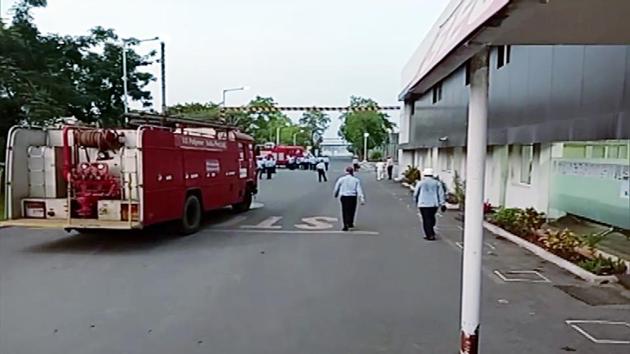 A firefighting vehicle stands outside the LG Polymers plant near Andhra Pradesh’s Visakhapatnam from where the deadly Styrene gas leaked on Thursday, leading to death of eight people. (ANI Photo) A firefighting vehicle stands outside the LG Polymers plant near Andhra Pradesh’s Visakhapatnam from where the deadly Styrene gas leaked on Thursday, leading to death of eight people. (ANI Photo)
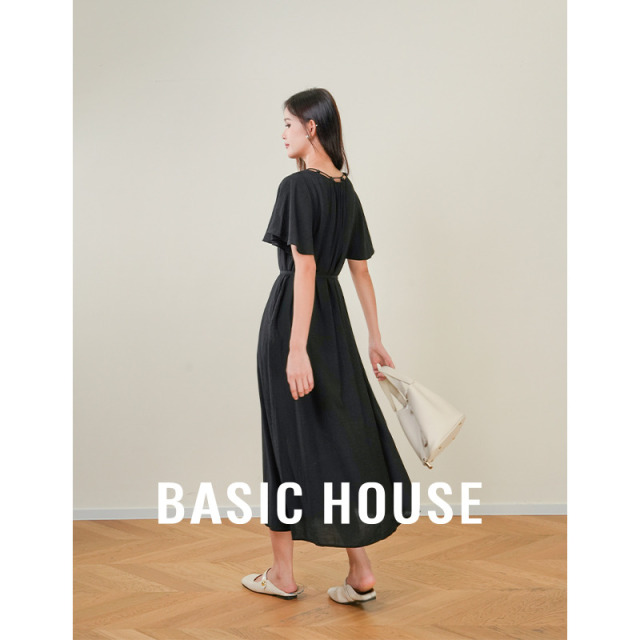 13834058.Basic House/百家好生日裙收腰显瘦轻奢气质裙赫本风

...

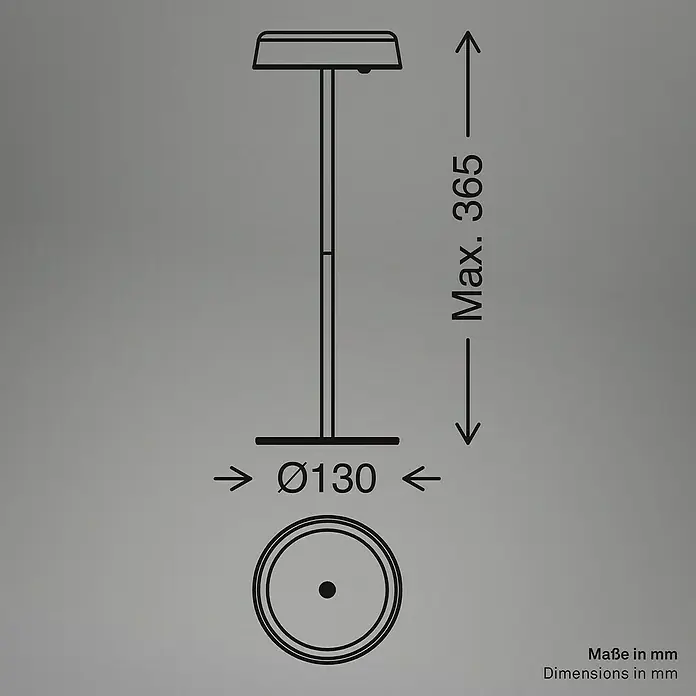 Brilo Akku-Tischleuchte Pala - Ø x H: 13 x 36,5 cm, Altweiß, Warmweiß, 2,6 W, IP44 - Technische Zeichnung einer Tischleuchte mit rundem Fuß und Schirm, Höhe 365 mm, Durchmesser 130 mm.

WORK REQUIRED:
Repeat only the stretch of data above that runs from the line with "(ANI Photo) A" to the line with "13834058.Basic House/百家好生日裙收腰显瘦轻奢气质裙赫本风". Keep both end lines; exclude pictures.

ANSWER BELOW:
 A firefighting vehicle stands outside the LG Polymers plant near Andhra Pradesh’s Visakhapatnam from where the deadly Styrene gas leaked on Thursday, leading to death of eight people. (ANI Photo) A firefighting vehicle stands outside the LG Polymers plant near Andhra Pradesh’s Visakhapatnam from where the deadly Styrene gas leaked on Thursday, leading to death of eight people. (ANI Photo)
 13834058.Basic House/百家好生日裙收腰显瘦轻奢气质裙赫本风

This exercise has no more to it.